The cost of serverless architecture is controversial. In serverless architecture, we pay per usage, usually for CPU and memory. We have a lean billing model, and the method of using it is simple. More than that, it goes without saying that we save money on fewer DevOps, operations, and infrastructure engineers. However, other opinions say doing these things ourselves will save money, arguing that we don’t have the flexibility to utilize our specific architecture and operation.
Benefits of Microservices
The following figure generally describes how microservices look, and we already can see the difference between this architecture and the other architectures.
Figure 1.5: Simple Microservices Structure
Independent Workloads
By design, microservices architecture splits the architecture into separated services/ APIs/ components. These services are delivered and packaged individually within self-contained deployable units. The self-contained units principle is one of the significant differences between SOA and microservices. The separation of many workloads decreases the size of the codebase, which leads to more minor services.

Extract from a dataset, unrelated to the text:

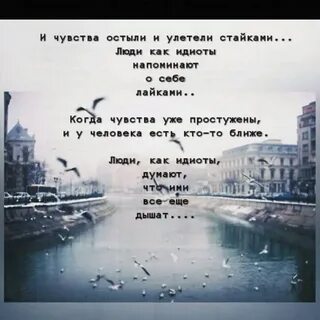 Остались ли чувства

Minor services mean lean binary, fast build, and so on. Another significant effect is that each workload doesn’t affect other workloads. We know the dependencies in advance, and this makes it effortless to deliver services as containers. Containerization is the best practice when it comes to microservices. Both of These concepts deliver the same goal—separation of concerns.
Since the codebase is divided per service, there is no shared code (usually). Each team can work independently on its code without disrupting other teams. A separated codebase leads to breakneck initial development speed. Another effect is that each team can test its services without considering other teams’ services.
Easy to Scale
Let’s start by talking about vertical scale (scale up). Vertical scale means adding more resources (bigger machines). However, there isn’t always a direct correlation between resource consumption and the ability of the service to handle more load. Microservices architecture has become much more helpful when we want to perform horizontal scale (scale out). It is seamless to perform scale-out, just increasing the number of replicated machines/containers for the wanted machine.
Plug and Play
An exciting way to look at microservices is as a honeycomb structure. Each bee builds its cell. It is also elementary to replace one cell with another. The ability to replace a service with another service can become handy when we want to remodel our architecture, experiment with new technologies, or perform some tests in the current architecture. Also, the rollback/rollout processes become simple and easy.
Fault Tolerance
Failure is a typical scenario that always happens, and we should be prepared for this. We aren’t living in a perfect world where the code is perfect and the server has a 100% success rate. The microservices architecture made this preparation easier because of the loose coupling between the services. Each service can fail without affecting the other services. Also note that there are many other things to consider when talking about failure (retries, graceful shutdown, and more), and we will talk about that. But at least microservices set a ground base to handle failure properly without considering other services, making the work easier.
Increase Agility
In a nutshell, Agile - is the ability to work fast and to be flexible. There is a vast theory and techniques regarding how to be Agile, and we’ll discuss it further in this book.
Each service has its codebase. A team can be responsible for one or more services without relying on or depending on other teams, which is a crucial capability for working with the Agile methodology. Also, when a new member joins the team, onboarding becomes effortless. They don’t need to learn all the service codes, only the services their team is responsible for.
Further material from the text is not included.